Another title I might have gone with is, “An analysis of 10th grade moments in urban Quito.” Or, because I set the bar pretty low, “Bailando, Happy Birthday, and a solo violin: three (queer?) times in a 10th grade age horizon.” At least those titles more accurately reflect that the majority of this presentation will be storytelling and not jargon.

FB meme that made the rounds a few years ago …
Strained titles aside, I am very excited to get up and get evocative about interactions with three of my informants from Colegio Conquistador, a municipal high school in downtown Quito where I did my doctoral research. When I was in the field, I had one of those cool things happen where an everyday interaction that I observed gradually appeared a lot more meaningful. It turns out it makes a great story. And, adding cake to that icing, it’s a great story that I think makes a strong case for a particular methodological approach to analyzing age. Specifically, it’s great for showing how to add queer phenomenology to the life course approach.

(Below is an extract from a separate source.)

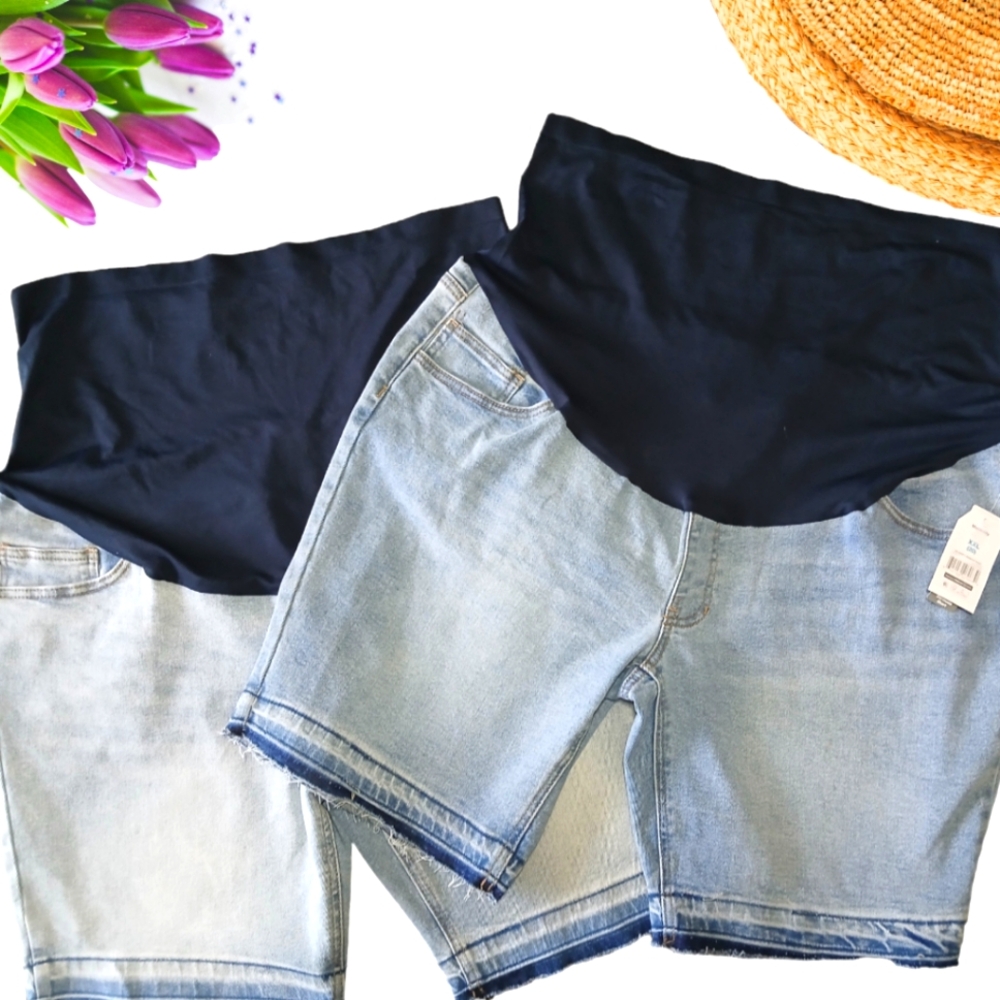 Women's Maternity Jean Shorts Bundle Size 20 NWT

I want to tell you more about it. And I will! At my talk! Which happens to be on Part 1 of the panel, “Anthropological Engagements in Queer Theories, Part I: Potentialities of Queerness” on Wednesday, November 14 from 12:00-1:45pm. Yifeng Cai put this whole thing together, and George Paul Meiu will be the discussant on my panel. (If you haven’t read Meiu’s article, ‘Beach-Boy Elders’ and ‘Young Big-Men’: Subverting the Temporalities of Ageing in Kenya’s Ethno-Erotic Economies, do yourself a favor and go read it now.) Frankly, I also heard Paula Martin give an amazing paper at last year’s AAA, and they’re on my panel, too, and I am super excited to see what they come up with this year.
I hope I see you there! Also, if you have a talk you want me to come to, please drop me your deets in the comments.
** [ETA: it turns out, I recognized how terrible that title was a while ago, and I changed it on the AAA site and then promptly forgot that I’d changed it. So you’ll actually find it in the program and on my CV as “Queering Youth Becoming: Socially Mobile Students in the Here and Now”]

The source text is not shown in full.